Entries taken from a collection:
▶
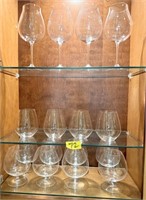 Cabinet Contents - Riedel Wine Glasses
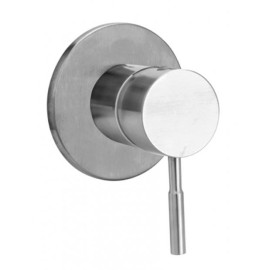 Monomando sencillo para regadera o tina INOX    9459INOX   URREA 901AD-9459INOX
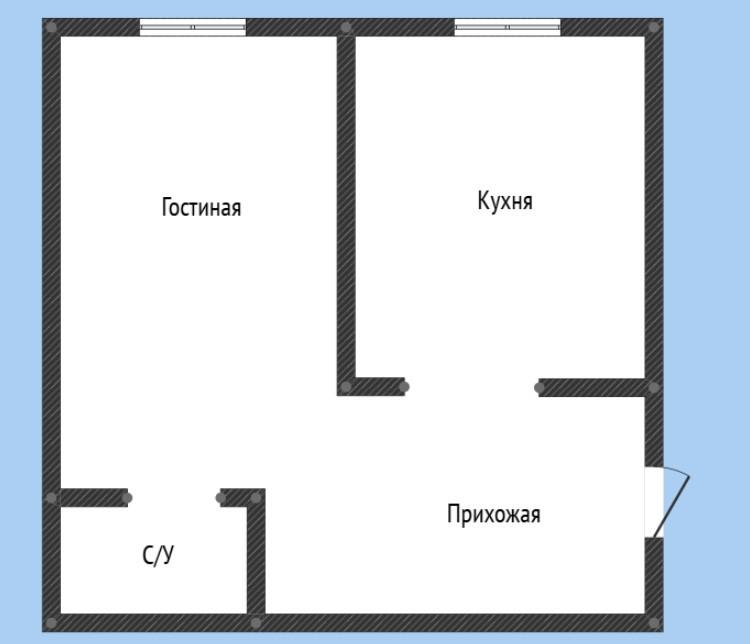 1-комнатная 59 м2 в ЖК undefined корпус null этаж 2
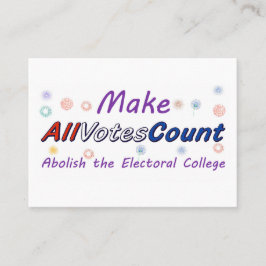Haz que todos los votos cuenten, tarjetas de inser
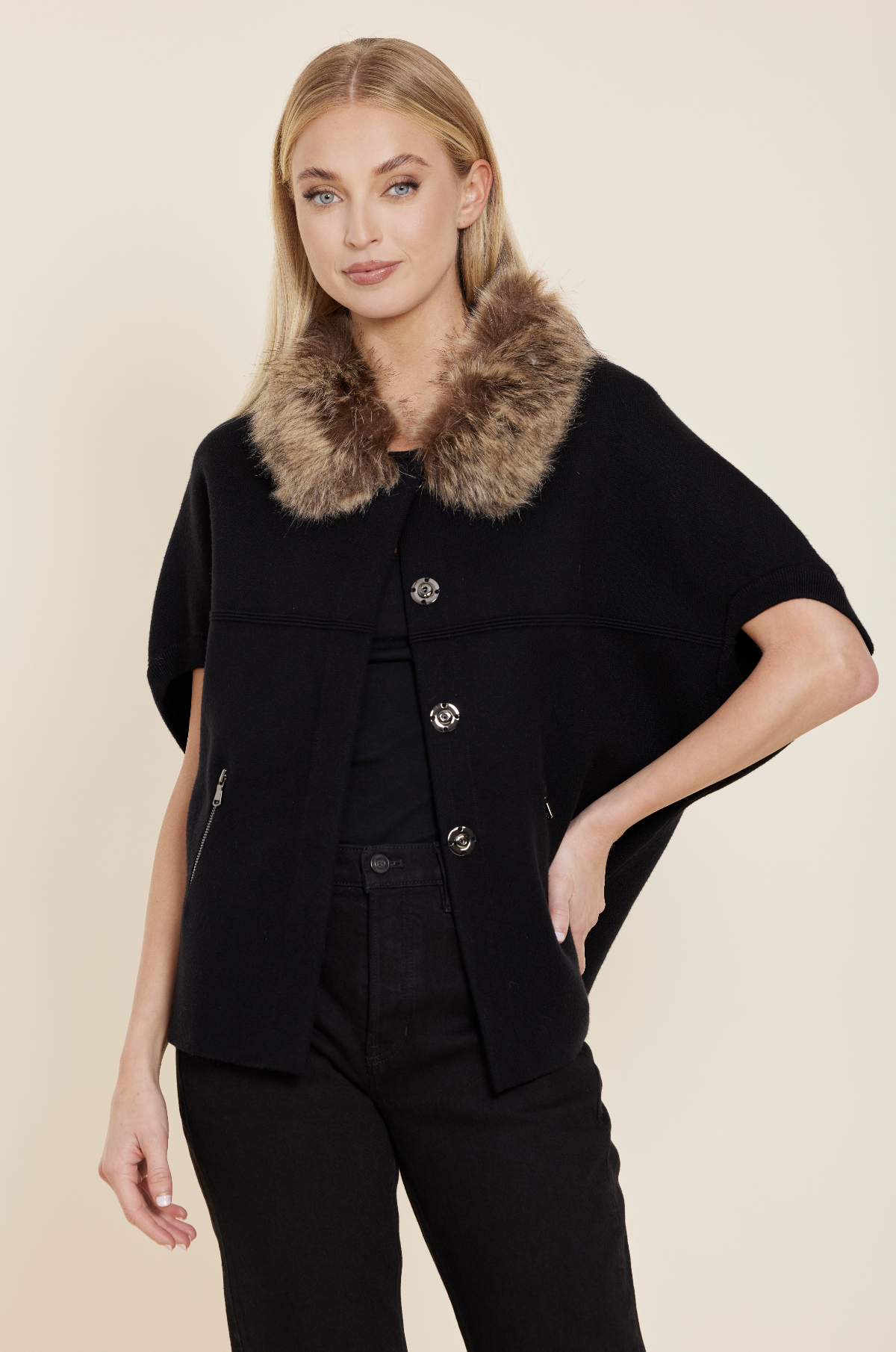 NEW! Cocoon Jacket in Black
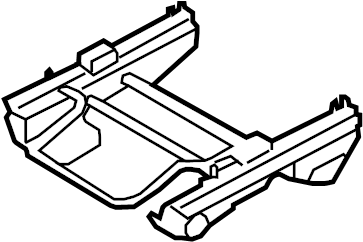 View BB5Z78606A50J Seat Track (Rear) Full-Sized Product Image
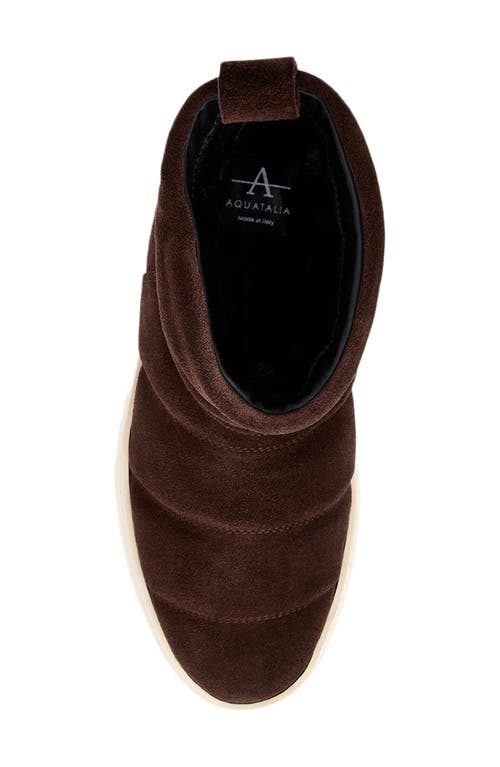 Aquatalia Alcee Mini Platform Bootie In Burgundy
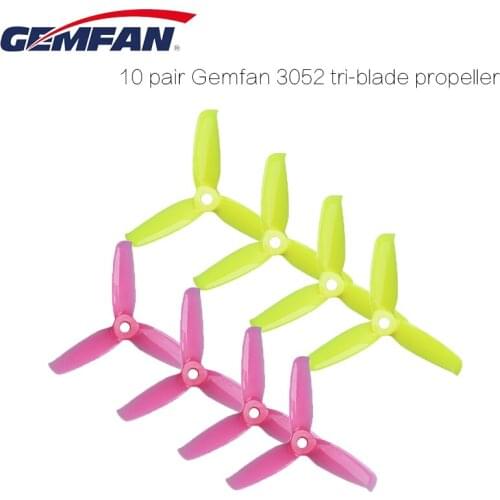 8 Pair Gemfan Flash 3inch 3052 3.0x5.2 3 Bades Tri-blade Propeller for 1306-1806 Motor FPV Mini 130mm Quadcopter Frame Kit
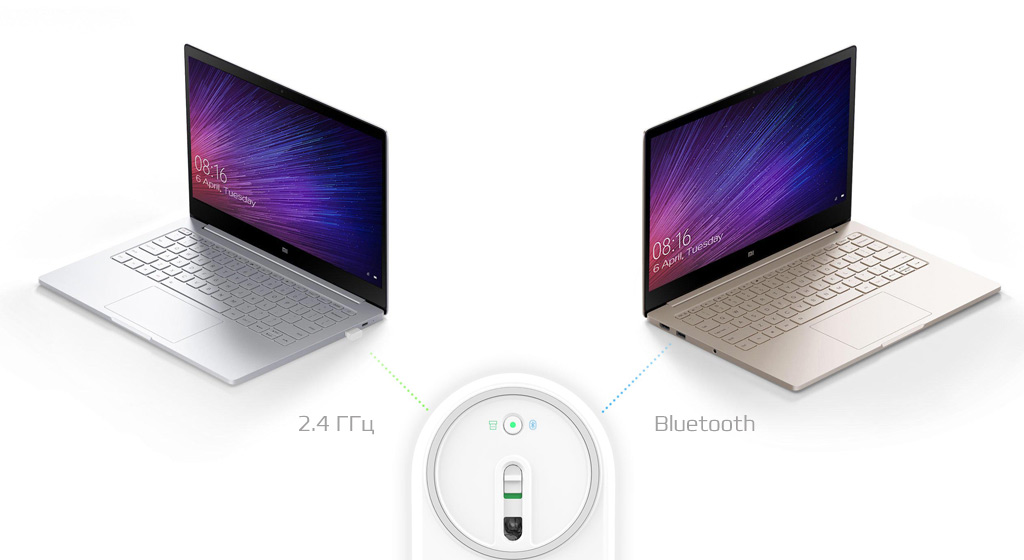 Беспроводная мышь Xiaomi Mi Mouse Bluetooth  - два способа подключения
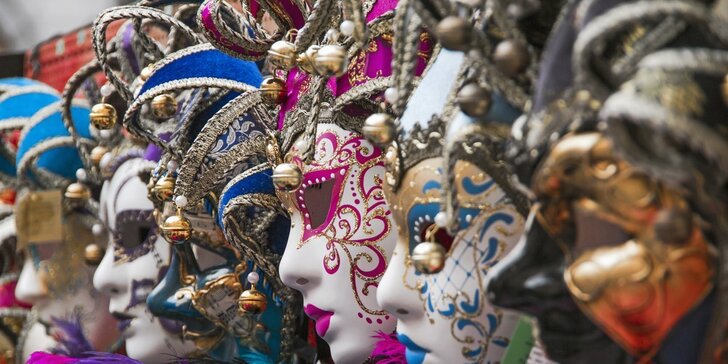 Navštívte jedinečný pestrofarebný benátsky karneval!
◀
▶ _Task prompt_:
Write out the entries above in full and exactly; no pictures.

▶ _Output of the exercise_:
 Cabinet Contents - Riedel Wine Glasses
 Monomando sencillo para regadera o tina INOX    9459INOX   URREA 901AD-9459INOX
 1-комнатная 59 м2 в ЖК undefined корпус null этаж 2
Haz que todos los votos cuenten, tarjetas de inser
 NEW! Cocoon Jacket in Black
 View BB5Z78606A50J Seat Track (Rear) Full-Sized Product Image
 Aquatalia Alcee Mini Platform Bootie In Burgundy
 8 Pair Gemfan Flash 3inch 3052 3.0x5.2 3 Bades Tri-blade Propeller for 1306-1806 Motor FPV Mini 130mm Quadcopter Frame Kit
 Беспроводная мышь Xiaomi Mi Mouse Bluetooth  - два способа подключения
 Navštívte jedinečný pestrofarebný benátsky karneval!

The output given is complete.